Hypothetically, though, the playoff committee isn’t beholden to incorrect results. The committee’s job is to pick the best teams, not the ones that won the most games. If the committee knows Oklahoma State should have won that game, it can vote that way. The blooping computers of the BCS selection process couldn’t tell the difference between a regular win and an incorrectly ruled win, but the committee consists of humans with brains and eyes. Back in September, it seemed like the committee would look kindly on Oklahoma State, as CFP executive director Bill Hancock said the committee members “will be well aware of what happened on the field.”
That was easy for Hancock to say back in September, when all we knew about the Pokes was that they were 1–1 and roughly as good as a midtier MAC team. But then they spent three months winning, proving themselves as one of the Big 12’s best teams. Now the committee is less interested in the philosophical discussion of whether Oklahoma State won or not. Committee chairman Kirby Hocutt said it’s “not within [the committee’s] purview to decide wins and losses,” and the committee has ranked the Cowboys not only below all the one-loss teams, but below most two-loss teams as well.
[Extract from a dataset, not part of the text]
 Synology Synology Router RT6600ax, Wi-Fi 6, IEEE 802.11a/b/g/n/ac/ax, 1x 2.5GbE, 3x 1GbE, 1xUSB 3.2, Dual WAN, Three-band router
The ones who could unskew this weird situation are instead taking the path of least resistance. The committee could anger multiple fan bases by bumping Oklahoma State up the rankings, which would then also draw attention to the biggest refereeing blunder of the season and subvert the work of officials everywhere. Or the committee could tell us it’s impossible to argue with wins and losses, even though arguing wins and losses is the entire point of the committee in the first place.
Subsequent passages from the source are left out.